Singapore businesses investing in Indian companies, establishing subsidiaries, or evaluating joint venture partners face a critical challenge: reading Indian cash flow statements requires familiarity with India-specific accounting standards. Ind AS 7 — India's governing framework for cash flow reporting — introduces structural requirements, terminology, and compliance elements that differ significantly from Singapore's familiar SFRS(I) framework.

Three factors complicate interpretation for Singapore readers:

  • India's financial year runs April 1 to March 31 (not calendar year), creating consolidation timing challenges for Singapore parent companies
  • India-specific line items — quarterly advance tax payments and GST Input Tax Credit blockages — produce cash outflow patterns that can mislead first-time readers
  • Indian group companies must file both standalone and consolidated statements under Section 129(3) of the Companies Act 2013; choosing the wrong version can dramatically misrepresent a subsidiary's true cash position

This guide provides Singapore businesses with a step-by-step process for reading Indian cash flow statements, explains critical differences under Ind AS 7, and identifies the red flags that signal financial distress versus normal operating patterns in the Indian market.

TL;DR

  • Ind AS 7 governs Indian cash flow statements and applies to listed companies plus unlisted entities with net worth ≥ INR 250 crore
  • Three activity sections (Operating, Investing, Financing) use the indirect method almost universally
  • Positive operating cash flow signals business health; negative investing cash flow is expected in growing capital-intensive sectors
  • Watch for India-specific items: advance tax installments (four per year), GST working capital swings, and related-party disclosures
  • Request both standalone and consolidated statements; the subsidiary's standalone version reveals actual cash generation at the entity level

How to Read a Cash Flow Statement in India: A Step-by-Step Approach

Step 1: Identify the Reporting Framework and Period

Confirm the applicable standard. Indian companies apply one of two frameworks:

  • Ind AS 7 ("Statement of Cash Flows"): Mandatory for listed companies and unlisted entities with net worth ≥ INR 250 crore, phased in from April 2016 to April 2019
  • AS 3 ("Cash Flow Statement"): Still used by smaller private companies below the threshold

Singapore businesses familiar with SFRS(I) 7 will find Ind AS 7 substantially converged with IAS 7, but critical practical differences exist. Ind AS 7 permits both direct and indirect methods, though nearly all Indian companies use the indirect method for operating activities.

Interest paid, interest received, and dividends paid may appear under Operating OR Financing activities depending on the company's accounting policy choice. Verify classification before calculating ratios.

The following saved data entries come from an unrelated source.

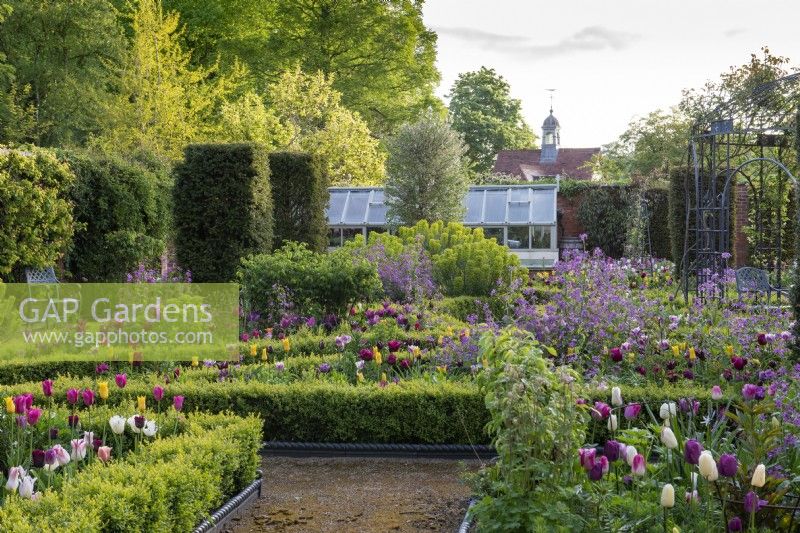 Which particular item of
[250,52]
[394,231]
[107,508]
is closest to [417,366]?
[107,508]

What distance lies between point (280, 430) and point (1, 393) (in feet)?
6.17

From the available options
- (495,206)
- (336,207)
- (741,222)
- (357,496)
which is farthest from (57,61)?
(357,496)

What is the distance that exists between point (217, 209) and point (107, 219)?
214cm

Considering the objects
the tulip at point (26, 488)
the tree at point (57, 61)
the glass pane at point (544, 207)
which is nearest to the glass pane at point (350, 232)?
the glass pane at point (544, 207)

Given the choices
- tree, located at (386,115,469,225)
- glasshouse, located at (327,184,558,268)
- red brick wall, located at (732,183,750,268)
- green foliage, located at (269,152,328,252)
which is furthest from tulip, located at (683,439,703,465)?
glasshouse, located at (327,184,558,268)

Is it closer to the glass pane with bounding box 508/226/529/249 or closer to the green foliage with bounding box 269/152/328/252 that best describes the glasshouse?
the glass pane with bounding box 508/226/529/249

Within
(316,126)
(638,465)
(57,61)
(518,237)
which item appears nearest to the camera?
(638,465)

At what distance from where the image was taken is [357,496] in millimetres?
5273

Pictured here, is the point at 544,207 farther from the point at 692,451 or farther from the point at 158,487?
the point at 692,451

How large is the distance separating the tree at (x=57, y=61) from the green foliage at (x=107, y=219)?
28.5ft

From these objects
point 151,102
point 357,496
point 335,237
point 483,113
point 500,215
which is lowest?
point 357,496

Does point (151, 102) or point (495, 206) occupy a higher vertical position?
point (151, 102)

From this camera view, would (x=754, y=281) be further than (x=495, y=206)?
No

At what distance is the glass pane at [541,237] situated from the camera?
2145 cm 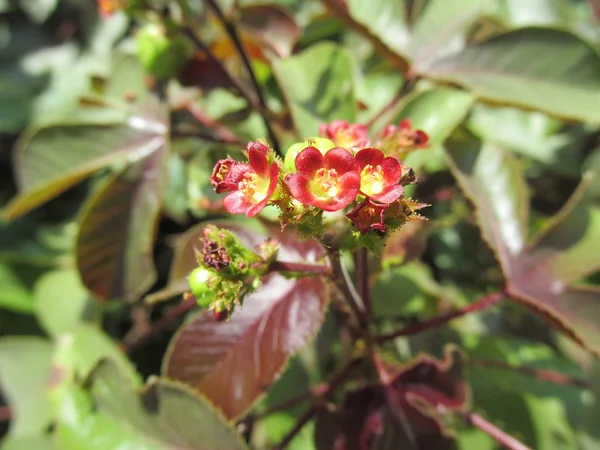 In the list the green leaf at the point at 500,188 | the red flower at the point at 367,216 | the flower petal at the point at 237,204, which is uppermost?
the red flower at the point at 367,216

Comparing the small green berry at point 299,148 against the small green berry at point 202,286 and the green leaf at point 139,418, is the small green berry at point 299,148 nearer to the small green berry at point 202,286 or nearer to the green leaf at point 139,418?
the small green berry at point 202,286

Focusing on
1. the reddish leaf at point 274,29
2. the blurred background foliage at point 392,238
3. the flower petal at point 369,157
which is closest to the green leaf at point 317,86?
the blurred background foliage at point 392,238

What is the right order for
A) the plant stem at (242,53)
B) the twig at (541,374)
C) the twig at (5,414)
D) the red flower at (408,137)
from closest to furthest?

Verify the reporting period. India's statutory financial year runs April 1 to March 31 (Companies Act 2013, Section 2(41)), not calendar year. Singapore parent companies consolidating Indian subsidiaries must address this timing mismatch, typically by requesting interim financials aligned to the Singapore parent's year-end.

Check standalone vs. consolidated. Indian companies with subsidiaries must prepare both versions. The standalone statement shows only the parent entity's cash flows; the consolidated version combines all group entities with intercompany eliminations. For Singapore investors evaluating an Indian subsidiary or acquisition target, the standalone statement reveals the entity's actual cash generation capacity.

Step 2: Start with the Operating Activities Section

The operating section begins with Profit Before Tax (PBT), then adjusts for:

  • Non-cash charges: depreciation, amortisation, provisions
  • Working capital changes: movements in trade receivables, inventories, trade payables

Watch for two India-specific line items:

Advance tax paid. Indian corporate tax law (Income Tax Act Section 211) requires four cumulative quarterly installments:

Due Date Cumulative % Incremental Payment
June 15 15% 15%
September 15 45% 30%
December 15 75% 30%
March 15 100% 25%

India advance tax four quarterly installment schedule with cumulative payment percentages

These predictable outflows are heaviest in Q2 and Q3. September and December cash dips are routine tax compliance, not distress signals.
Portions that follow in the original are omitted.